En 1953, Ben Gurión adoptó el concepto en lo esencial (por supuesto, sin dar el crédito a Jabotinsky). Israel se vería obligado a luchar una larga guerra existencial compuesta de muchas guerras pequeñas. Tendría que ganar en cada una de ellas, y utilizar el tiempo entre una y otra para fortalecer la muralla de hierro nacional, desarrollando sus ventajas en recursos humanos, tecnología y experiencia militar.

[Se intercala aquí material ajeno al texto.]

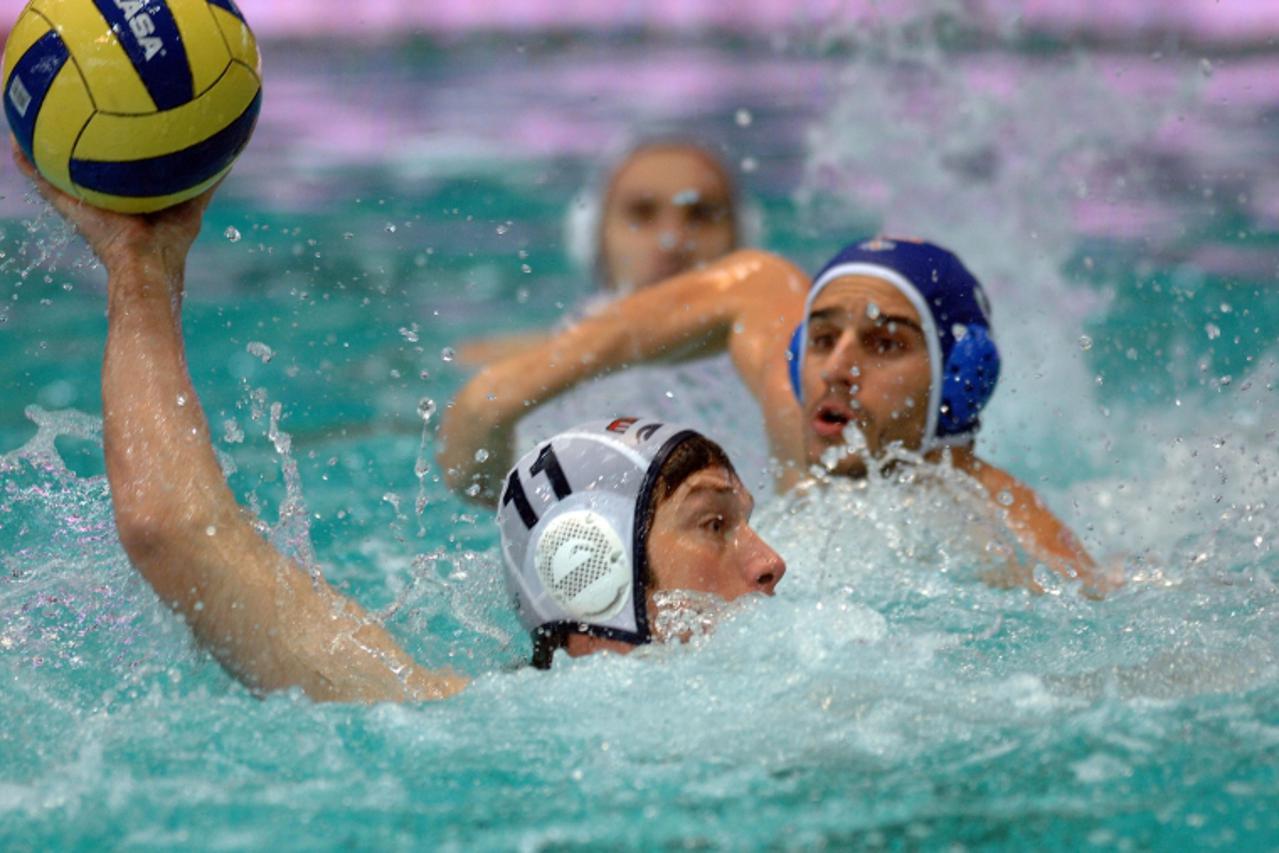 \'22.04.2009.....Zagreb...spo...Bazen Mladosti uz Savu.Cetvrtfinale Eurolige: Mladost - Olympiacos.Igor Hinic.Photo:Marko Prpic/Vecernji list\'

Egipto, Jordania y Siria se estrellaron contra la muralla de hierro en la Guerra de los Seis Días de 1967. Eso fue suficiente para Jordania, que se retiró permanentemente del conflicto armado con Israel. Pero en 1973, Egipto y Siria lo intentaron de nuevo, lanzando un ataque sorpresa que encontró impreparadas a las Fuerzas de Defensa de Israel. Fue su último mejor intento, y fracasó; Israel no fue derrotado. Cuatro años después, el presidente egipcio Anwar Sadat fue a Jerusalén y llegó a un acuerdo con Beguin. Pocos años más tarde lo siguió el rey Hussein de Jordania. El resto de los Estados árabes se ha acostumbrado a la permanencia de Israel.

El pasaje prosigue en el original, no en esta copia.